§ **Work to complete**: Although the data below holds other lines too, output only those from the line with "1400 Daisy Corner Dr — Photo 18" up to and including the line with "KIA CARNIVAL DIESEL 9-SEATER PRESTIGE", exactly as they appear.

§ **Supplied records**:
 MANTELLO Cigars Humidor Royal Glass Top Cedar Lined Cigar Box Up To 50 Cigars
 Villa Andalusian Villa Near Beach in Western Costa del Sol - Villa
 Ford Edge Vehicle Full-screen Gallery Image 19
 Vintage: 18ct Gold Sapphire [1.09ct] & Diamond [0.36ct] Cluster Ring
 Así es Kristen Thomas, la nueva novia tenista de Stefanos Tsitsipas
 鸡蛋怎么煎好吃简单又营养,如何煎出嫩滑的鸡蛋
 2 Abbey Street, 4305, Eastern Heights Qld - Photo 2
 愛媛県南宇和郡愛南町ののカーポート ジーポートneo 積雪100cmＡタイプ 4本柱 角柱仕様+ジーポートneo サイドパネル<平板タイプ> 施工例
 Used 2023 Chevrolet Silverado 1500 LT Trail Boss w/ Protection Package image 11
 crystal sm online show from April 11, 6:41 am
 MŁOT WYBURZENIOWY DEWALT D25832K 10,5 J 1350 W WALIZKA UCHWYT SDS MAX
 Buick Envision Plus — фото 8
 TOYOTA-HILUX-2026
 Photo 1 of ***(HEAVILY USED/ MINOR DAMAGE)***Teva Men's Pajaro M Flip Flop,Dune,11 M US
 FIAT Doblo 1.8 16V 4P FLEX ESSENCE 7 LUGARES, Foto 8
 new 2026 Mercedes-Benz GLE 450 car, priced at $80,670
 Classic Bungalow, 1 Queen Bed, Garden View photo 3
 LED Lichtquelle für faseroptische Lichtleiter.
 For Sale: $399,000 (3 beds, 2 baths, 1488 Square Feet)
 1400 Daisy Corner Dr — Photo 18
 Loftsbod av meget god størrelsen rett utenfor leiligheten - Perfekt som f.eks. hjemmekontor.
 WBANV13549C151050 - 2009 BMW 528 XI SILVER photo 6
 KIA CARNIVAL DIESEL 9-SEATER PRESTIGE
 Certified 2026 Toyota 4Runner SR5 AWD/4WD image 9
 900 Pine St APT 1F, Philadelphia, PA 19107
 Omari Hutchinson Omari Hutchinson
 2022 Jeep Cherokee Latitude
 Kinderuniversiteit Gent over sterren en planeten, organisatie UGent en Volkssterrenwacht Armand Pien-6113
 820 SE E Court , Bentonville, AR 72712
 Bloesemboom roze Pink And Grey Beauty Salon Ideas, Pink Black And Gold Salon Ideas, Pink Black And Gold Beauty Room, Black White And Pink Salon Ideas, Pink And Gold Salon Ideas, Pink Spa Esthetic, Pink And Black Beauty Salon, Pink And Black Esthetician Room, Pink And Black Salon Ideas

§ **Written response**:
 1400 Daisy Corner Dr — Photo 18
 Loftsbod av meget god størrelsen rett utenfor leiligheten - Perfekt som f.eks. hjemmekontor.
 WBANV13549C151050 - 2009 BMW 528 XI SILVER photo 6
 KIA CARNIVAL DIESEL 9-SEATER PRESTIGE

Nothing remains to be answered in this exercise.